### WHAT IS NEEDED
Leaving out every picture, copy the lines of the material below exactly, from the line containing "A view of a" through the line containing "Macro detail of".

### LISTED ENTRIES

********

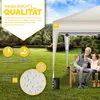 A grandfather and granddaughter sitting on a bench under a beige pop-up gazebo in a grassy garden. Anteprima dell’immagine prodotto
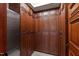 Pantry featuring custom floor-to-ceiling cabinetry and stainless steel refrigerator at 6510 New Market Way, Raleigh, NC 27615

********

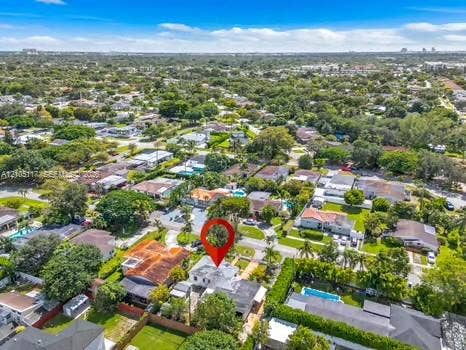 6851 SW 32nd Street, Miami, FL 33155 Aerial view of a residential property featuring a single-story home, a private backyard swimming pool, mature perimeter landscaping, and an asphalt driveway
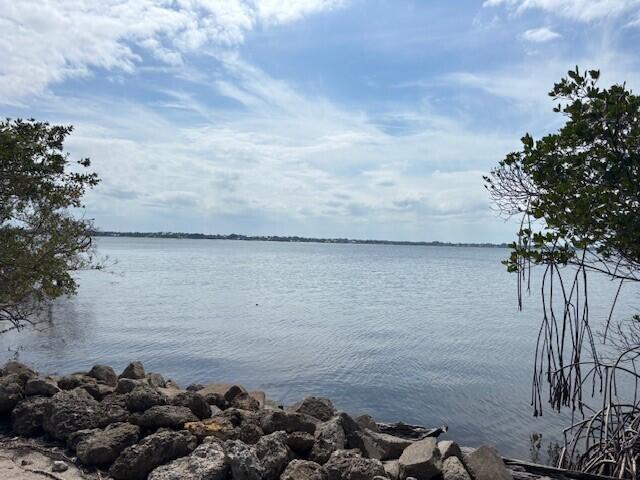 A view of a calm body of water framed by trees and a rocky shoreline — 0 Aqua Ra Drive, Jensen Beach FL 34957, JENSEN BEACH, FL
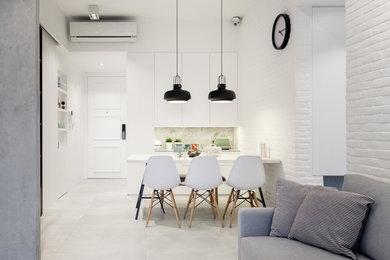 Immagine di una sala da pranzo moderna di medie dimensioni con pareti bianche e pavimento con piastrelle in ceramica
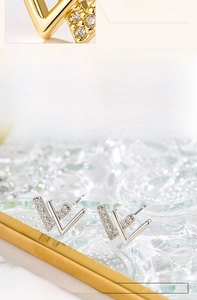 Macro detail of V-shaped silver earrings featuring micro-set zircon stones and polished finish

********

### ANSWER FOR THE TASK
 A view of a calm body of water framed by trees and a rocky shoreline — 0 Aqua Ra Drive, Jensen Beach FL 34957, JENSEN BEACH, FL
 Immagine di una sala da pranzo moderna di medie dimensioni con pareti bianche e pavimento con piastrelle in ceramica
 Macro detail of V-shaped silver earrings featuring micro-set zircon stones and polished finish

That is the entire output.